Faust: Streaming at Robinhood with Ask Solem

Robinhood is a platform for buying and selling stocks, cryptocurrencies, and other assets. Since its founding in 2013, Robinhood has grown to have more than 5 million user accounts, which is even more than the popular online broker E-Trade. With the surge in user growth and transaction volume, the demands on the software infrastructure have increased significantly.

When a user buys a stock on Robinhood, that transaction gets written to Kafka and Postgres. Multiple services get notified of the new entry on the Kafka topic, and those services process that new event using Kafka Streams. Kafka Streams are a way of reading streams of data out of Kafka with exactly-once semantics. Developers at Robinhood use a variety of languages to build services on top of these Kafka streams–including Python.

Commonly used systems for building stream processing tasks on top of a Kafka topic include Apache Flink and Apache Spark. Spark and Flink let you work with large data sets while maintaining high speed and fault-tolerance. These tools are written in Java. If you want to write a Python program that interfaces with Apache Spark, you have to pay an expensive serialization/deserialization cost as you move that object between Python and Spark.
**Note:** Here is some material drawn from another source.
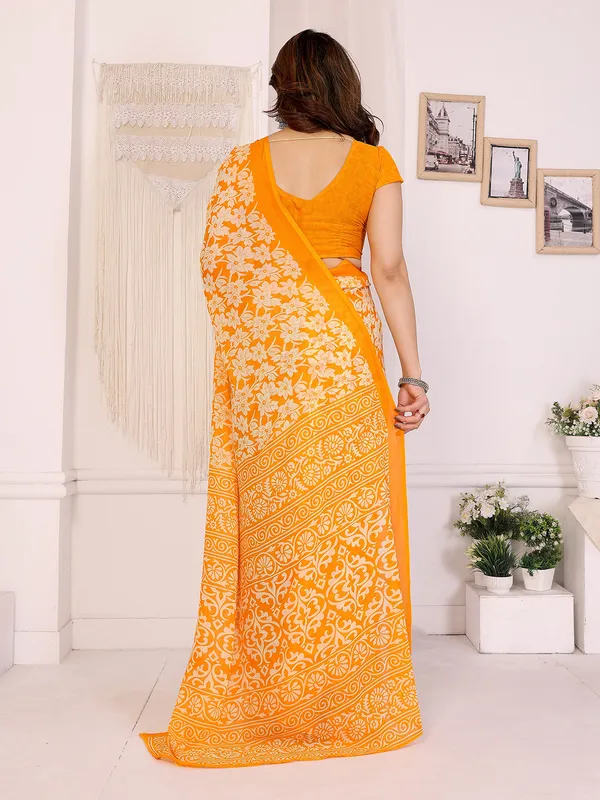 Anand_Sarees_Paisley,_Floral_Print_Daily_Wear_Georgette_Saree_(Yellow)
Ask Solem is an engineer with Robinhood, and the author of Faust, a stream processing library that ports the ideas of Kafka Streams to Python. Faust provides stream processing and event processing in a manner that is similar to Kafka Streams, Apache Spark, and Apache Flink. He is also the author of the popular Celery asynchronous task queue. Ask joins the show to provide his perspective on large scale, distributed stream processing, and why he created Faust.